■ TASK STATEMENT ■
An exact reproduction of the data below is expected, free of images.

INPUT DATA Start Marker

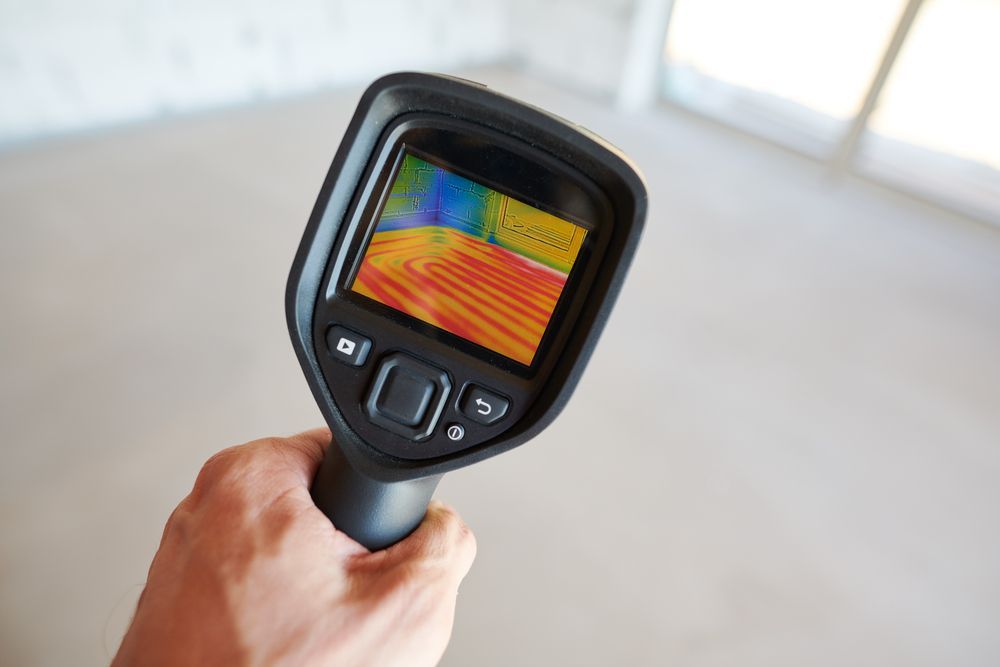 Main tenant une caméra thermique, montrant une carte thermique sur un sol, potentiellement pour l'inspection d'un bâtiment.
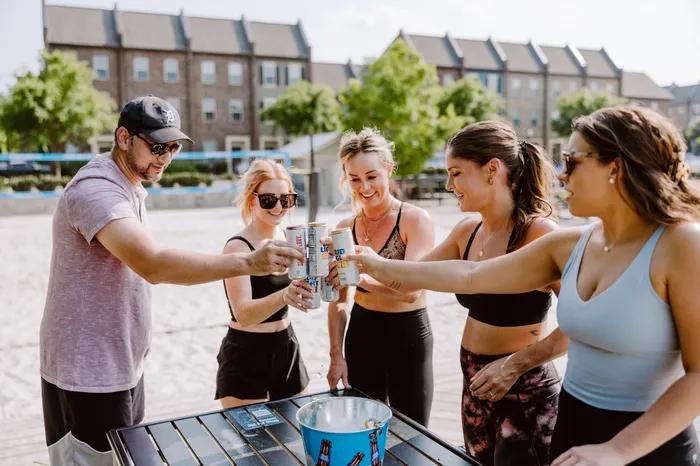 Group of friends enjoying a sunny outdoor gathering, toasting with drinks by a sand volleyball court, showcasing a vibrant community lifestyle.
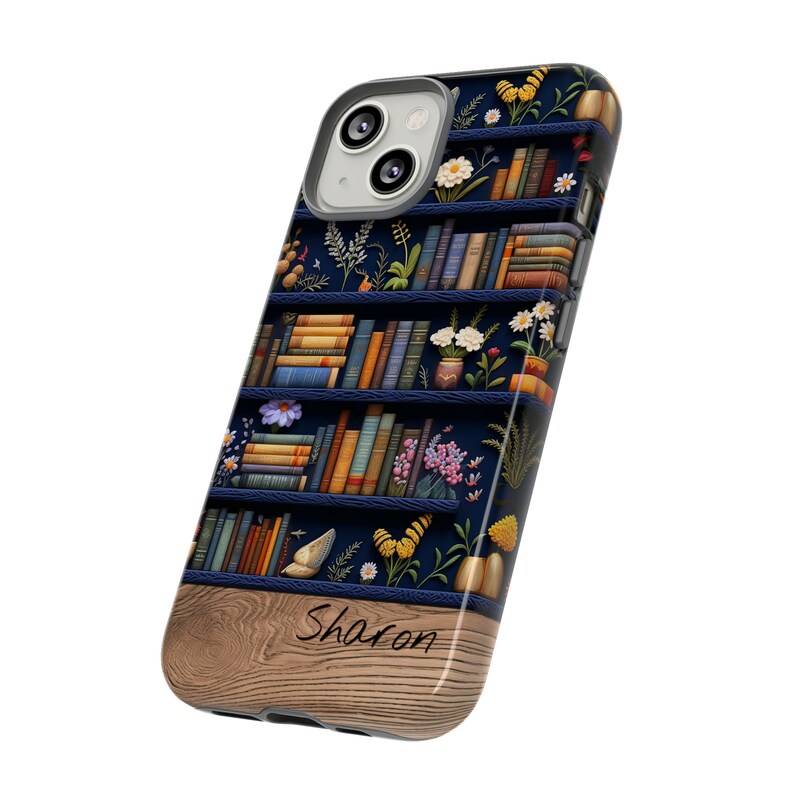 May include: A blue and brown phone case with a bookshelf design featuring books, flowers, and butterflies. The case has a wood-grain bottom with the name "Sharon" written on it.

INPUT DATA End Marker

■ RESULT ■
 Main tenant une caméra thermique, montrant une carte thermique sur un sol, potentiellement pour l'inspection d'un bâtiment.
 Group of friends enjoying a sunny outdoor gathering, toasting with drinks by a sand volleyball court, showcasing a vibrant community lifestyle.
 May include: A blue and brown phone case with a bookshelf design featuring books, flowers, and butterflies. The case has a wood-grain bottom with the name "Sharon" written on it.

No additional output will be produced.